Set down the data below word for word, and leave the images aside.

[GIVEN MATERIAL]

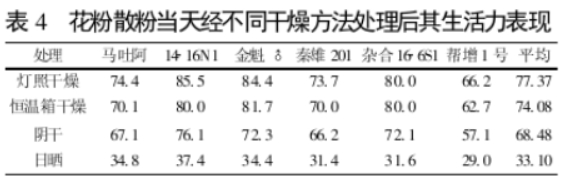 不同干燥及貯藏方法對獼猴桃花粉活力的影響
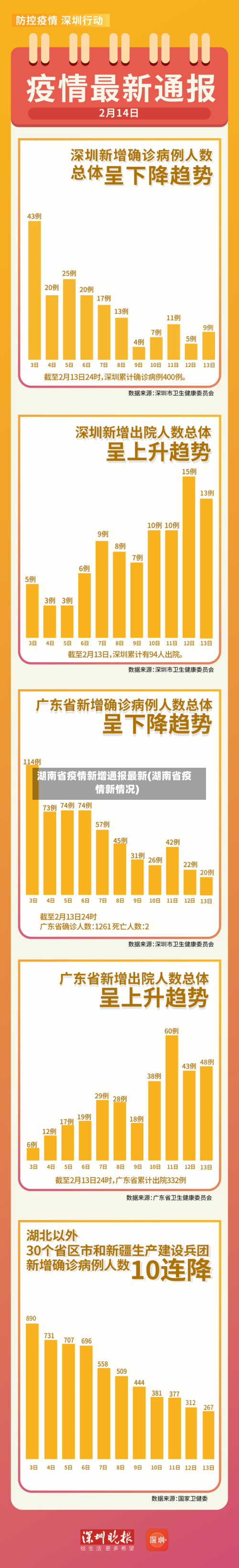 湖南省疫情新增通报最新(湖南省疫情新情况)-第1张图片
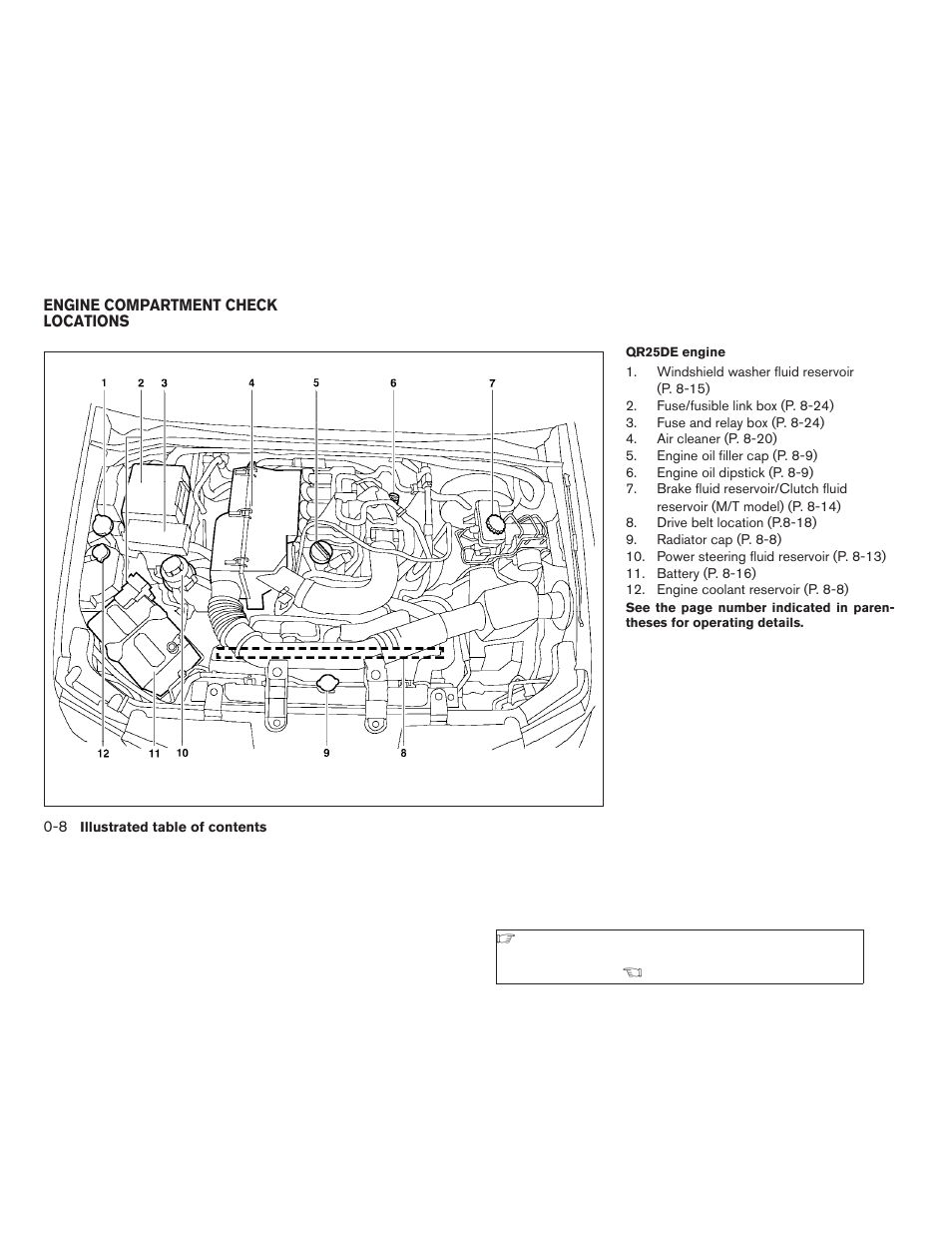 Engine compartment check locations -8 | NISSAN 2009 Frontier User Manual | Page 14 / 366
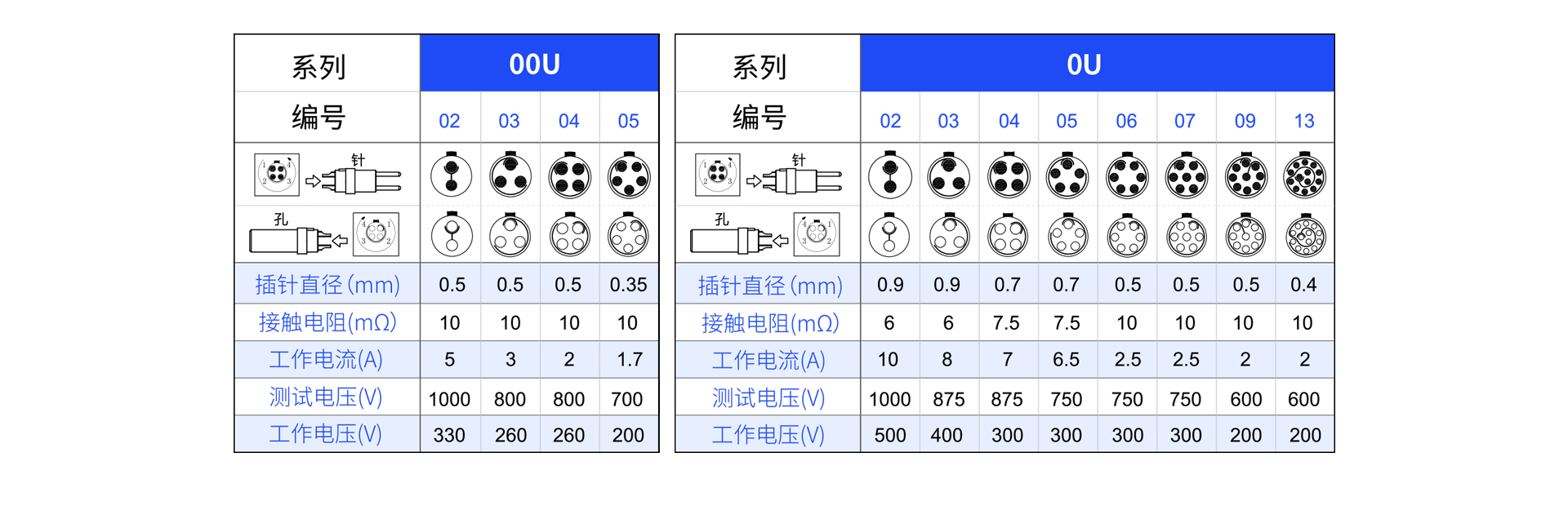 1626682997775088.png 針芯配置U.png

[/GIVEN MATERIAL]

- [RESPONSE BOX]
 不同干燥及貯藏方法對獼猴桃花粉活力的影響
 湖南省疫情新增通报最新(湖南省疫情新情况)-第1张图片
 Engine compartment check locations -8 | NISSAN 2009 Frontier User Manual | Page 14 / 366
 1626682997775088.png 針芯配置U.png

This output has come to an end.